───── RECORDS FOR THE EXERCISE ─────

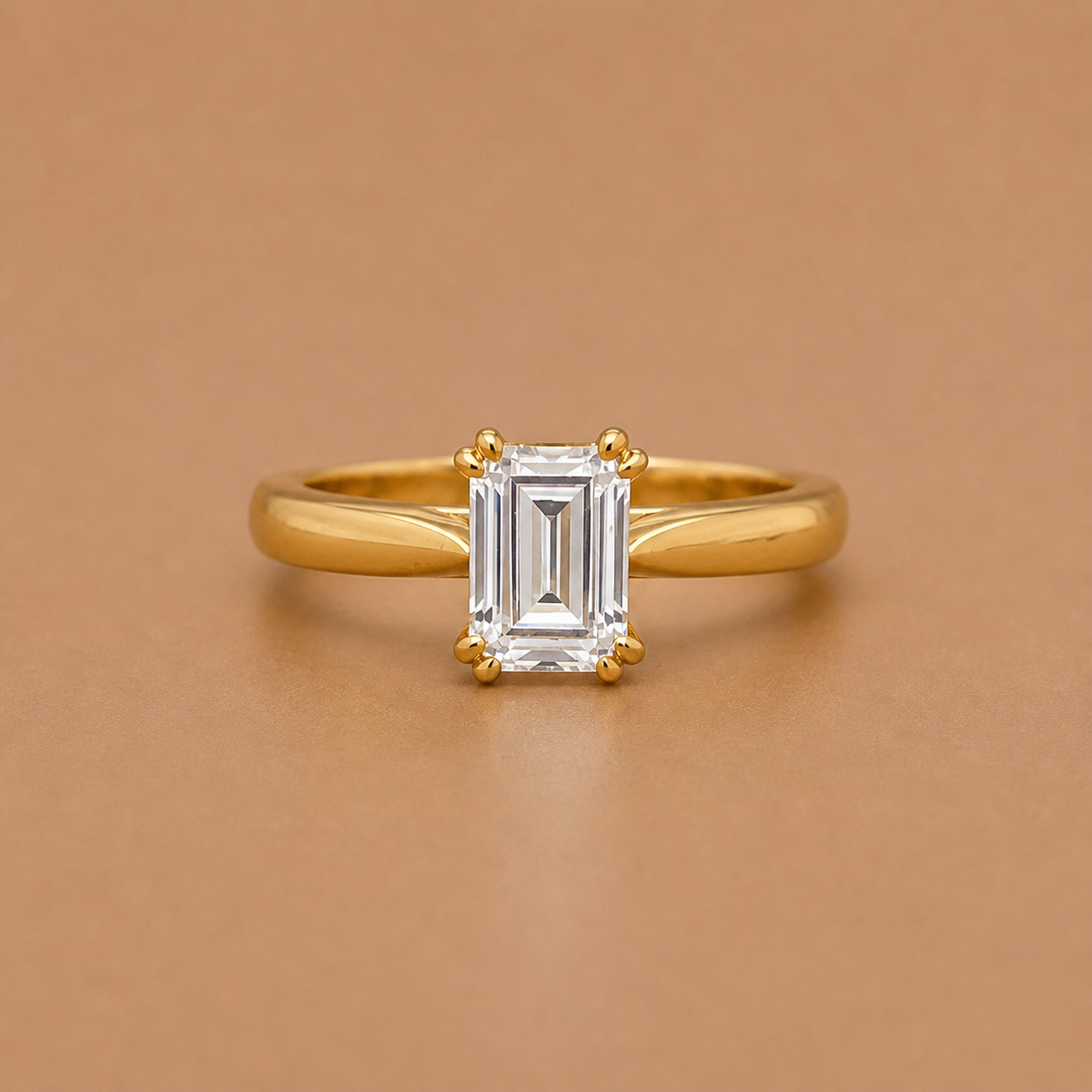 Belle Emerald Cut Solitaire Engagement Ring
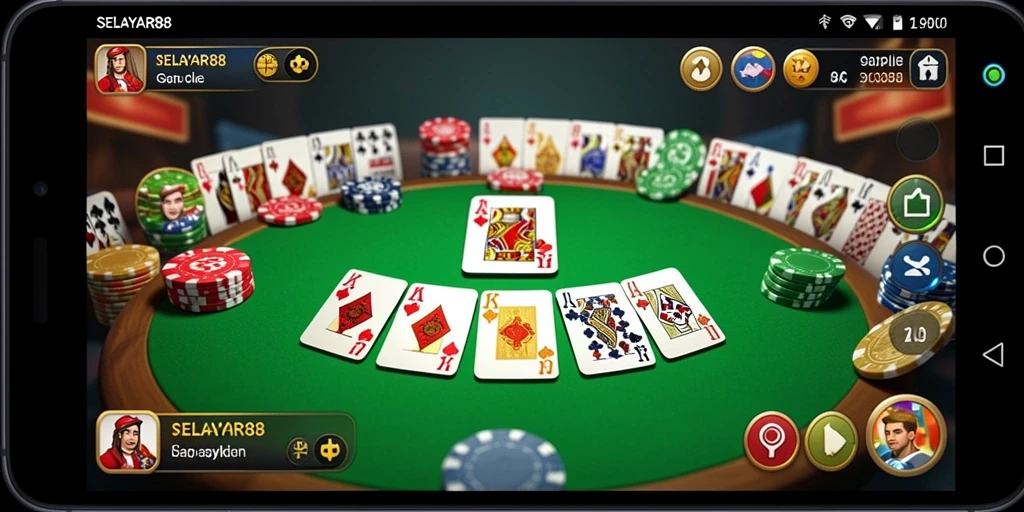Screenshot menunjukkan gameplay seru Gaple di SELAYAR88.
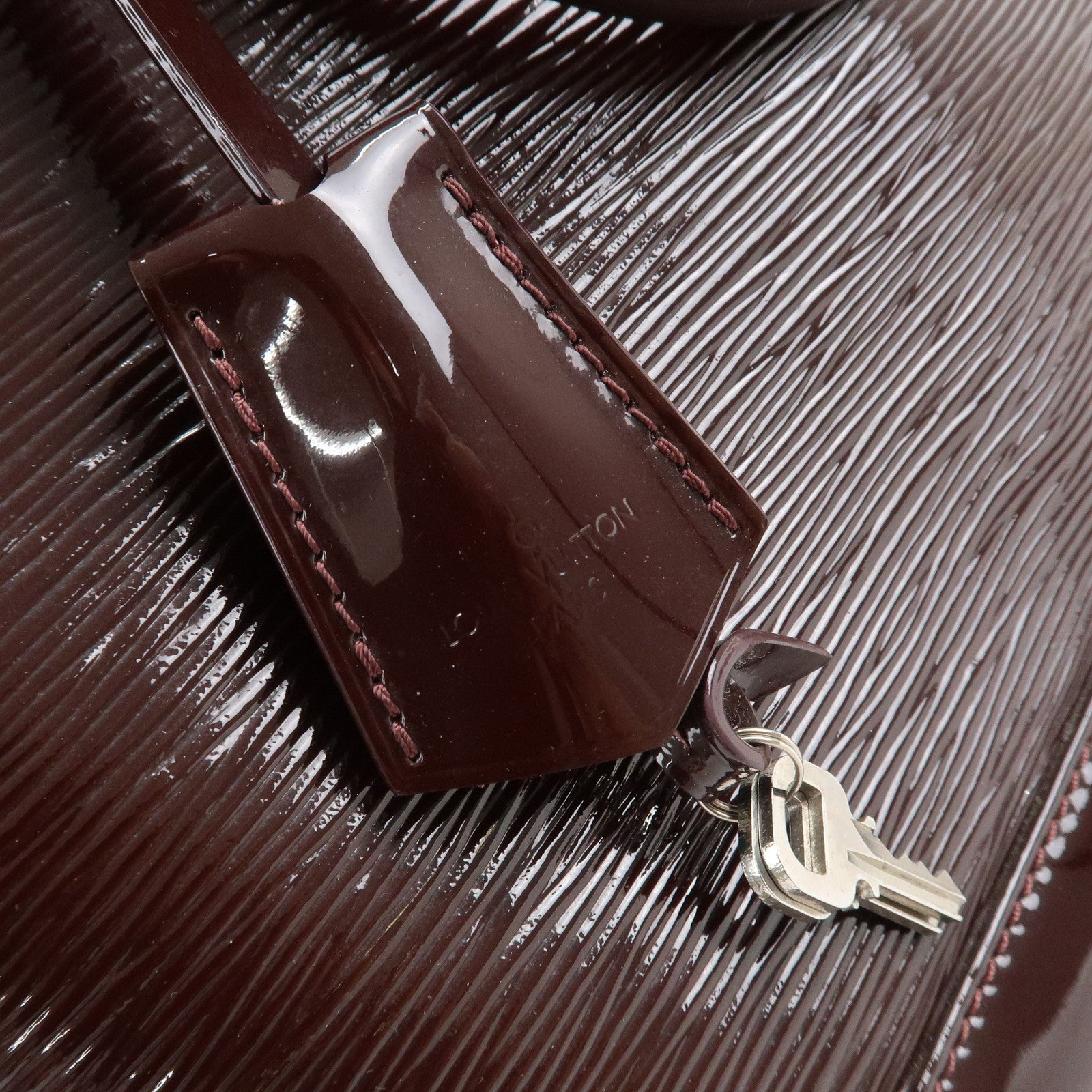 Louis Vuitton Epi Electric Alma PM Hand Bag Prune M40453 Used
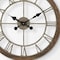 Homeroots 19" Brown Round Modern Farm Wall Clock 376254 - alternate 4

─────
───── RECORDS FOR THE EXERCISE ─────

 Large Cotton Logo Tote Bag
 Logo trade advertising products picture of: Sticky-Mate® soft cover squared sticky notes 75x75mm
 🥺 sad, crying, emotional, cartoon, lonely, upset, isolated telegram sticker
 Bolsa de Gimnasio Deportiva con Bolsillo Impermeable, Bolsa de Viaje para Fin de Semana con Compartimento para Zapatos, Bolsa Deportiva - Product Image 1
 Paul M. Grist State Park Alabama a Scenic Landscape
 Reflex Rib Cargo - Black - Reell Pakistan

─────

### ACTION ITEM
Copy only the lines above from the one containing "Belle Emerald Cut Solitaire Engagement Ring" through the one containing "- alternate 4", both included. Leave out the pictures.

### RESPONSE BELOW
 Belle Emerald Cut Solitaire Engagement Ring
Screenshot menunjukkan gameplay seru Gaple di SELAYAR88.
 Louis Vuitton Epi Electric Alma PM Hand Bag Prune M40453 Used
 Homeroots 19" Brown Round Modern Farm Wall Clock 376254 - alternate 4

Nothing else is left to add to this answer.